[Bug]: Mixed Hive Table can't Sync Hive data properly
What happened?
As you can see ArcticTableFlag will be set to true when a Hive partition has previously written any data through Amoro.
But when I delete the data from this partition, write it again with Hive and try to synchronize it to the Mixed Hive table, the files cannot be added to the Mixed Hive table with this “if” logic, because there is no data in this partition of the Mixed Hive table so filesMap.get(partitionData) == null at the same time
ArcticTableFlag exists because the Hive partition has not been deleted and data has been written to it.

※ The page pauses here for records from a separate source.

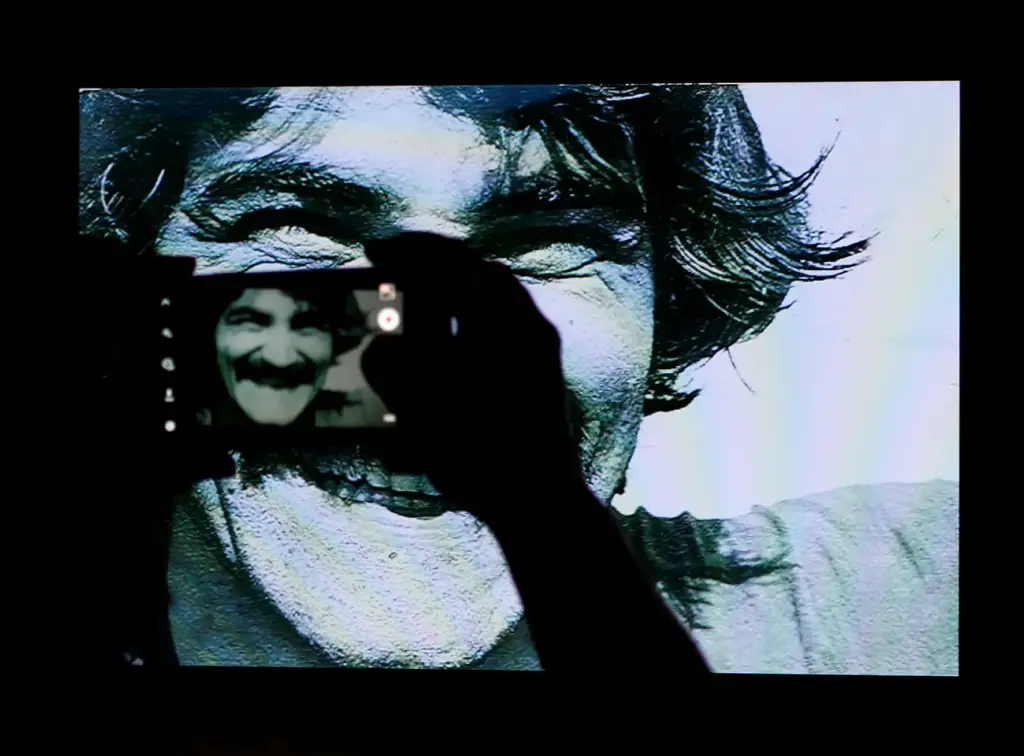 Belchior inspira torcida do Botafogo (REUTERS/Paulo Whitaker)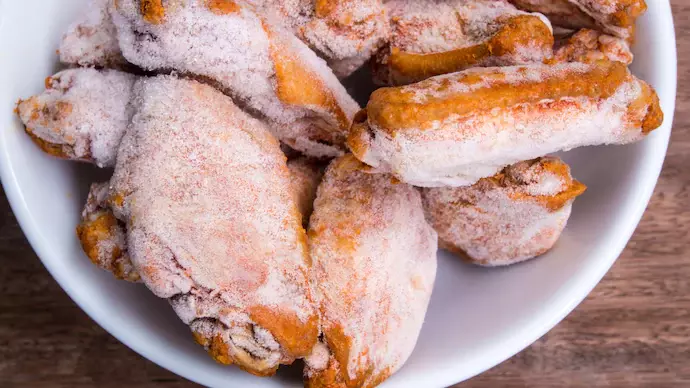 ശീതീകരിച്ച ചിക്കൻ ഉൽപന്നങ്ങൾ എയർ ഫ്രയറുകളിലും മൈക്രോവേവുകളിലും ചൂടാക്കിയാൽ ഭക്ഷ്യവിഷബാധക്ക് കാരണമാകുമെന്ന് പഠനം ശീതീകരിച്ച ചിക്കൻ ഉൽപന്നങ്ങൾ എയർ ഫ്രയറുകളിലും മൈക്രോവേവുകളിലും ചൂടാക്കിയാൽ ഭക്ഷ്യവിഷബാധക്ക് കാരണമാകുമെന്ന് പഠനം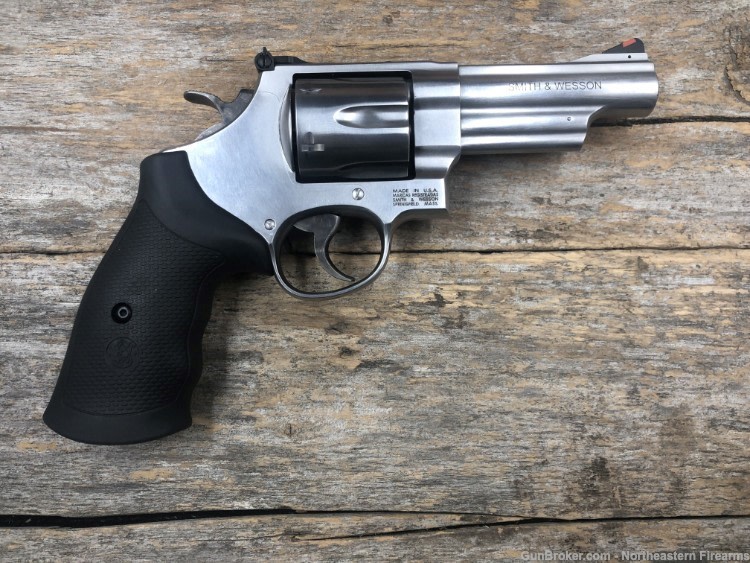 Smith & Wesson 629-6 44 Magnum 163603-img-0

So I think there is a problem with this logic.
Affects Versions
master
What engines are you seeing the problem on?
Core
How to reproduce
- Create a Mixed Hive Table with partition
- Insert overwrite some data
- Delete the data insert overwrite before
- Insert into the same data with Hive
- Use HiveDataSync to sync step4's data to Mixed Hive Table
Relevant log output
No response
Anything else
No response
Code of Conduct
- [X] I agree to follow this project's Code of Conduct
@nicochen Thanks for reporting this issue.
AFAIK, the reason why it is necessary to check whether a Hive partition has an Arctic Flag during the process of synchronizing Hive data when a new Hive partition is detected is:
- If the deletion of a partition on a Mixed-Hive table results in a successful submission to Iceberg but a failed submission to Hive, AMS will detect and delete the corresponding data in Hive.
- The
Iflogic here is to distinguish between two scenarios.
Based on this, when deleting data under a Hive partition, we may need to delete the ARCTIC FLAG in the Partition meta in HMS.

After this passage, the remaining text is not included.